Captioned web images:

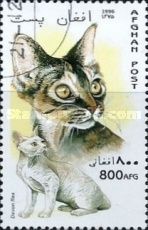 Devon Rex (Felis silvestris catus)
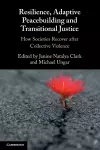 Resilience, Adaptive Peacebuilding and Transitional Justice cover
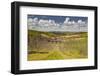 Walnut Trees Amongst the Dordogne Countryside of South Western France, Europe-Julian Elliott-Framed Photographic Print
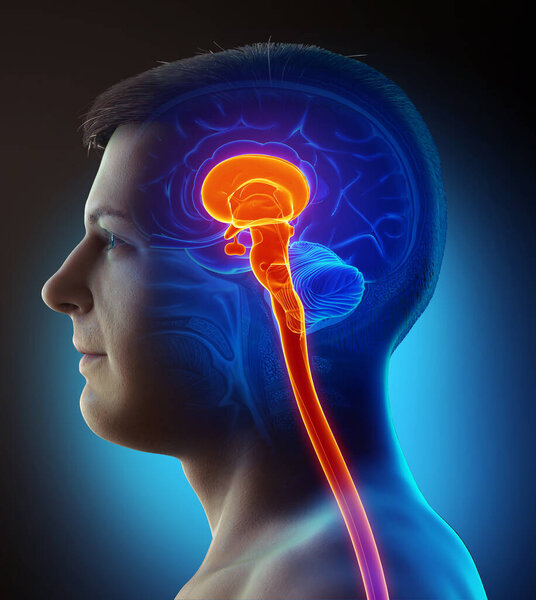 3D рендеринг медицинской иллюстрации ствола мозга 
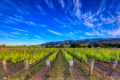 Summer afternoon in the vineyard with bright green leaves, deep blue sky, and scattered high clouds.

* _Task item_
For this exercise, write out exactly the lines from the one with "Resilience, Adaptive Peacebuilding" through the last line of the records, inclusive, and leave each picture out.

* _Exercise solution_
 Resilience, Adaptive Peacebuilding and Transitional Justice cover
 Walnut Trees Amongst the Dordogne Countryside of South Western France, Europe-Julian Elliott-Framed Photographic Print
 3D рендеринг медицинской иллюстрации ствола мозга 
 Summer afternoon in the vineyard with bright green leaves, deep blue sky, and scattered high clouds.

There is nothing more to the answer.